→ **EXERCISE MATERIALS**:
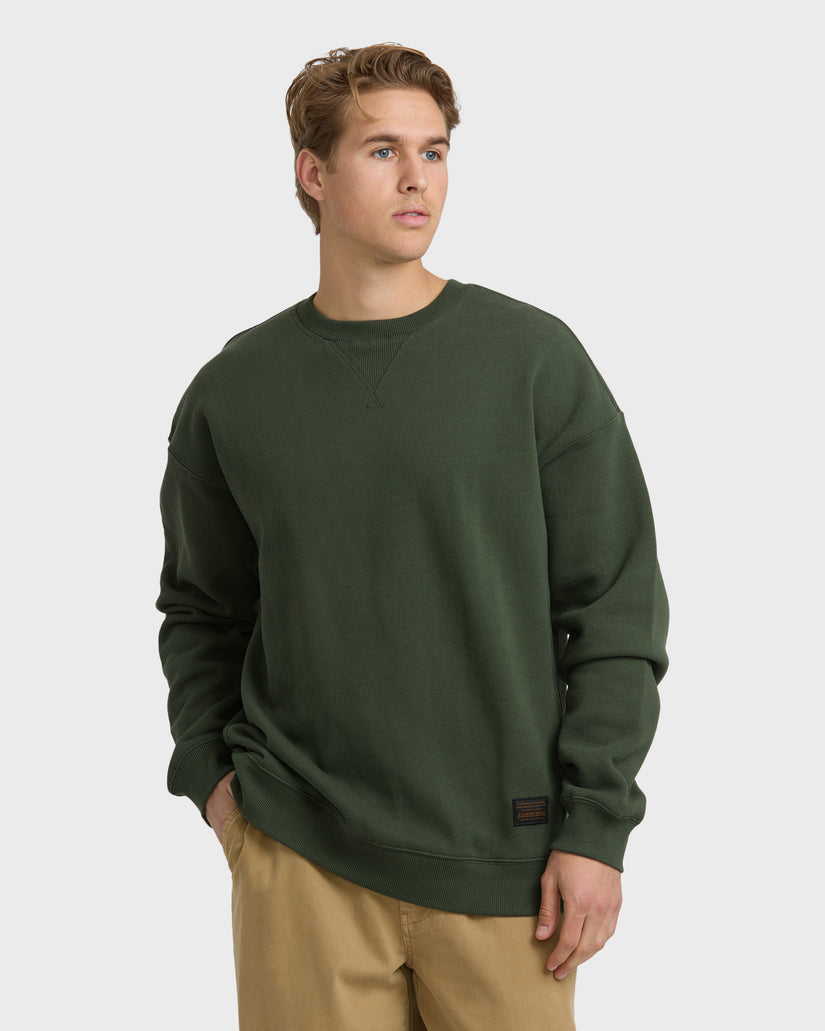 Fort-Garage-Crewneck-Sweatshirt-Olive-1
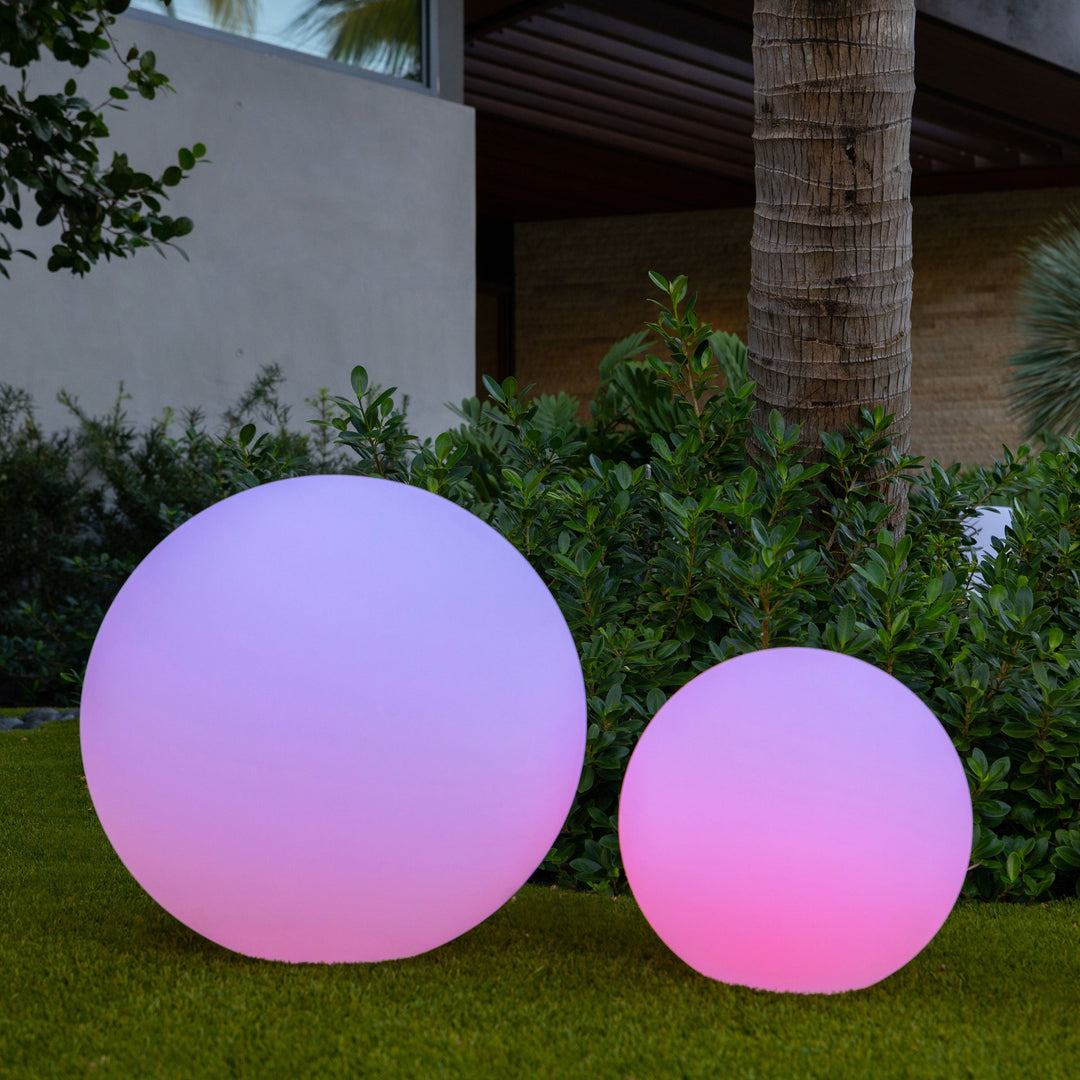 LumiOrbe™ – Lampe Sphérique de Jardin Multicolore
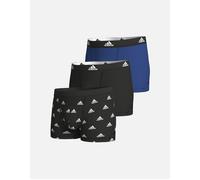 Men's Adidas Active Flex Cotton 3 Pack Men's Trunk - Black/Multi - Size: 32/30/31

---

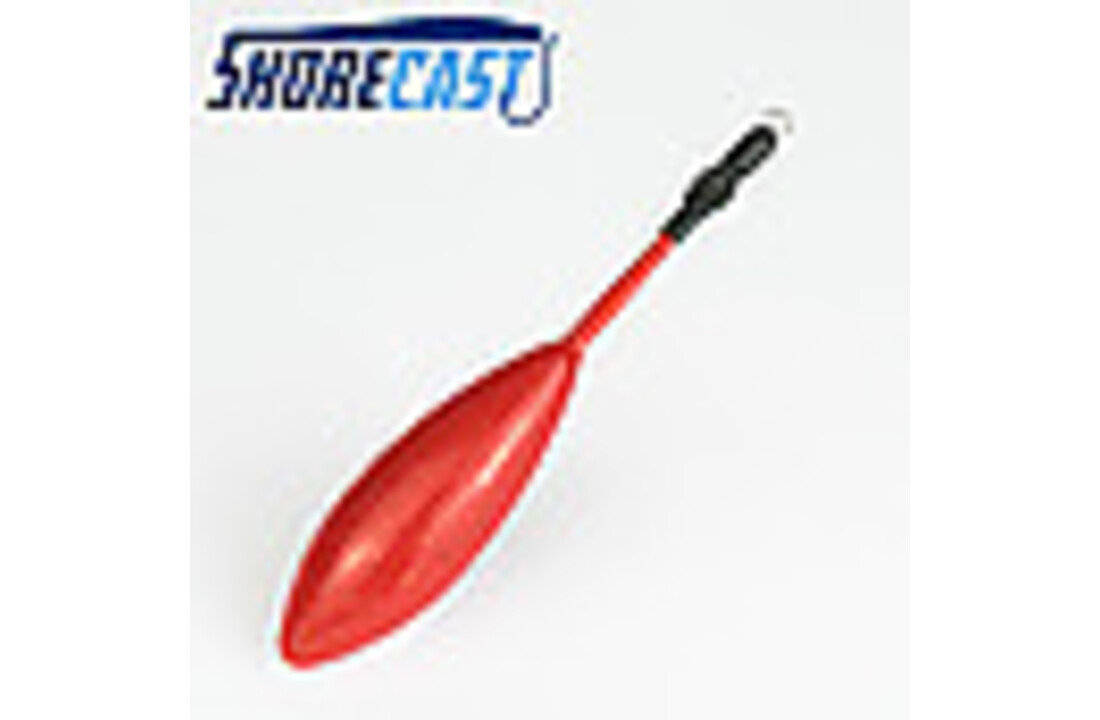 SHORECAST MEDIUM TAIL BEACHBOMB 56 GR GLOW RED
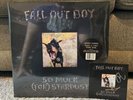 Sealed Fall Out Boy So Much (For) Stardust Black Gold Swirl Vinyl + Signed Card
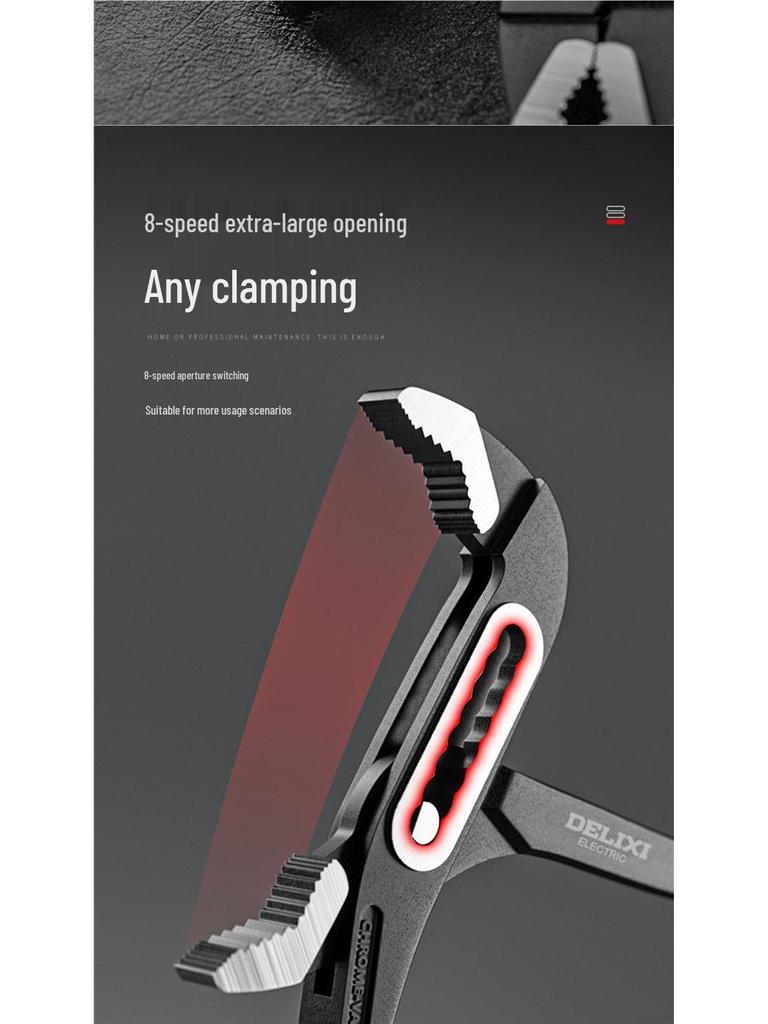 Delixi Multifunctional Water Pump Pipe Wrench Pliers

==

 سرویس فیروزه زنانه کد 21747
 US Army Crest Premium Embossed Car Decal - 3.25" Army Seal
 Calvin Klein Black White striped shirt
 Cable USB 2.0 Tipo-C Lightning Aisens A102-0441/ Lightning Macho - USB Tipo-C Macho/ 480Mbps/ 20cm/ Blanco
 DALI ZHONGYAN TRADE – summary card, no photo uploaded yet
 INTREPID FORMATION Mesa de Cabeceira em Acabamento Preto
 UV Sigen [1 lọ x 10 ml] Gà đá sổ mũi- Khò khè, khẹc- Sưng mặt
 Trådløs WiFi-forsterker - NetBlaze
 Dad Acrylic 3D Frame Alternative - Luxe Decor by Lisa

→ **WHAT YOU WILL DO**:
Give again the lines of the listing above that run from the one with "Fort-Garage-Crewneck-Sweatshirt-Olive-1" up to and including the one with "Men's Adidas Active". Keep them exact and omit the pictures.

→ **ANSWER BOX**:
 Fort-Garage-Crewneck-Sweatshirt-Olive-1
 LumiOrbe™ – Lampe Sphérique de Jardin Multicolore
 Men's Adidas Active Flex Cotton 3 Pack Men's Trunk - Black/Multi - Size: 32/30/31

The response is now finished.